### Data records
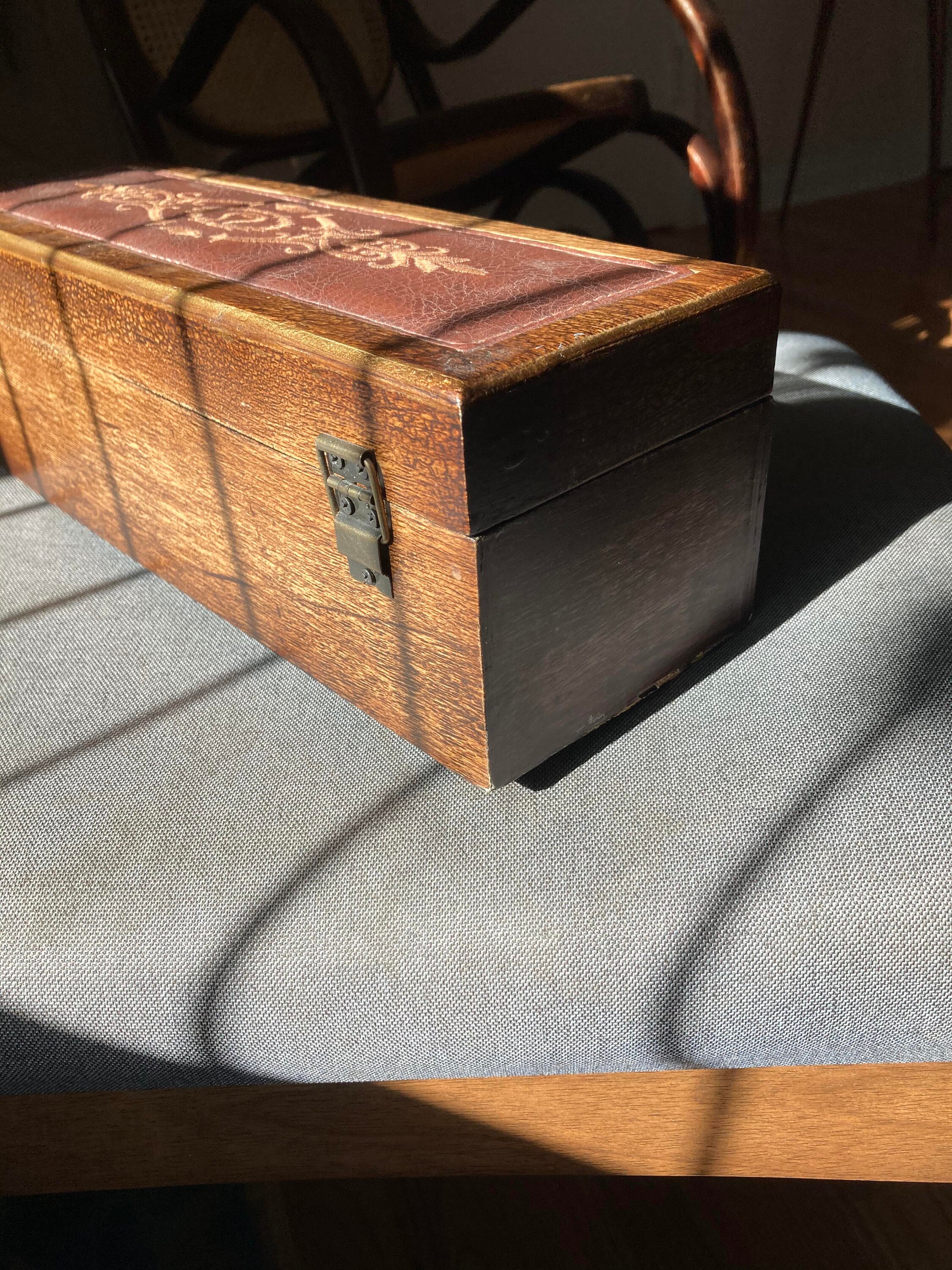 Vintage Wood With Inlay Leather Top Jewelry Box Etsy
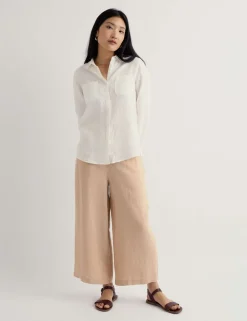 Pure Linen Side Zip Wide Leg Culottes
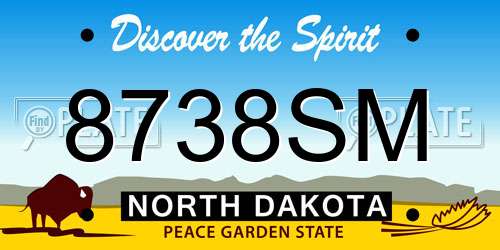 8738SM North Dakota License Plate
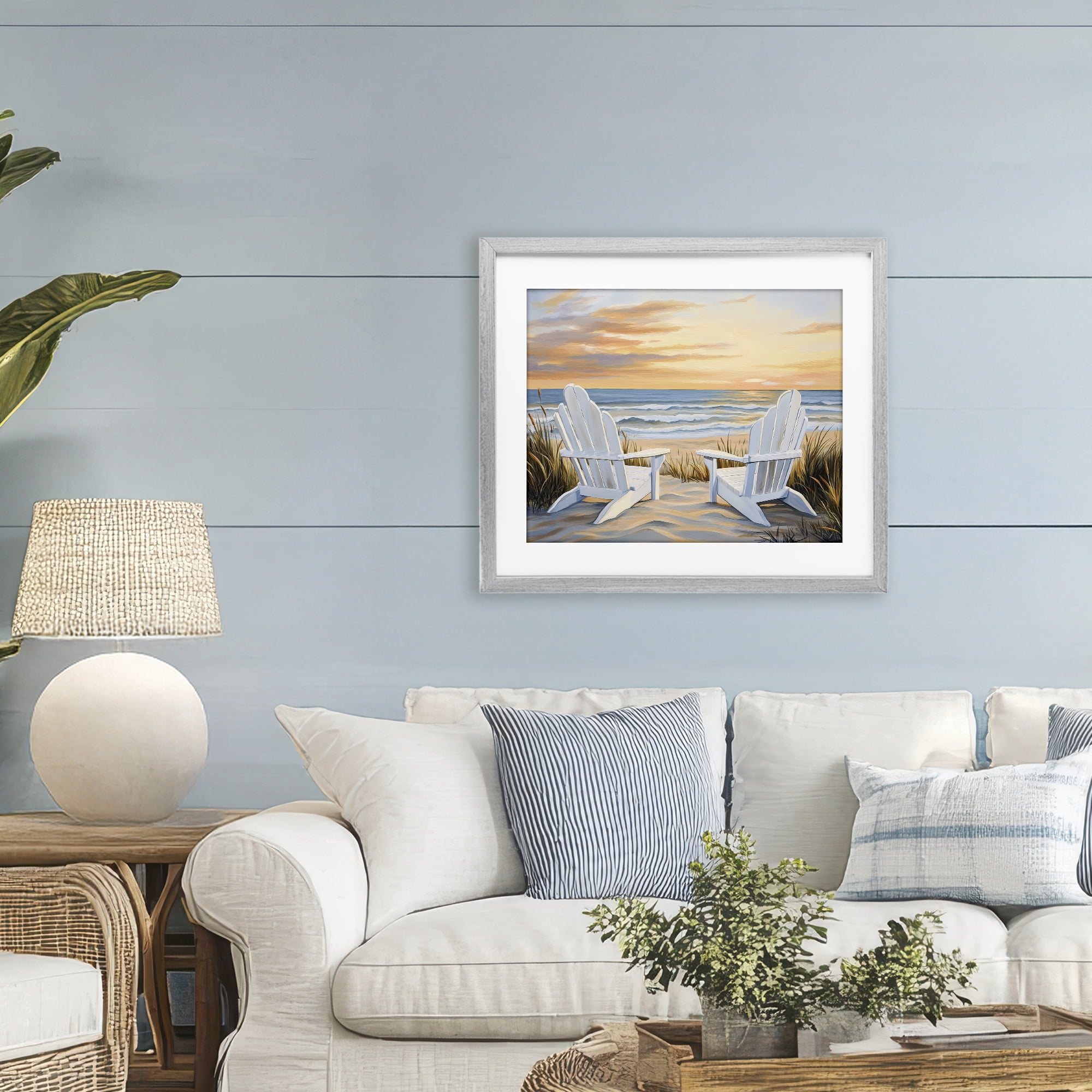 Stupell Industries Wave Watching Spot at Sunset Gray Framed Print Under Glass, design by Petal Prints Design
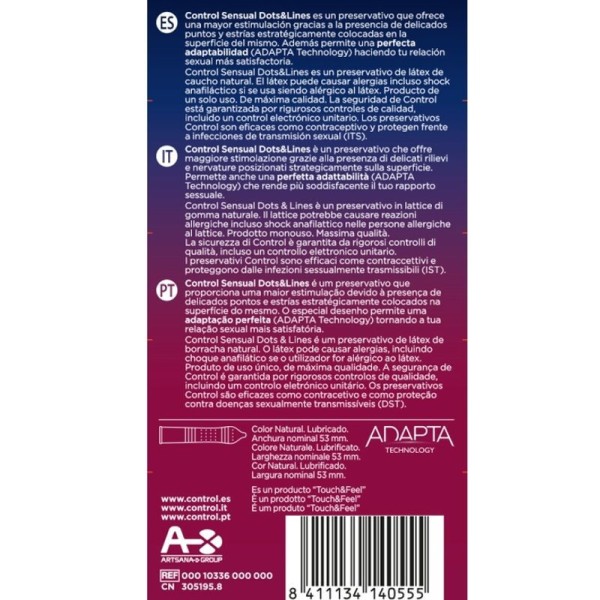 CONTROL - POINTS & LIGNES SENSUELLES POINTS ET VERGETURES 12 UNITÉS CONTROL CONDOMS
######
**What you will do**. The copy you produce must hold all the records above exactly and none of their pictures.

**Completed task**.
 Vintage Wood With Inlay Leather Top Jewelry Box Etsy
 Pure Linen Side Zip Wide Leg Culottes
 8738SM North Dakota License Plate
 Stupell Industries Wave Watching Spot at Sunset Gray Framed Print Under Glass, design by Petal Prints Design
 CONTROL - POINTS & LIGNES SENSUELLES POINTS ET VERGETURES 12 UNITÉS CONTROL CONDOMS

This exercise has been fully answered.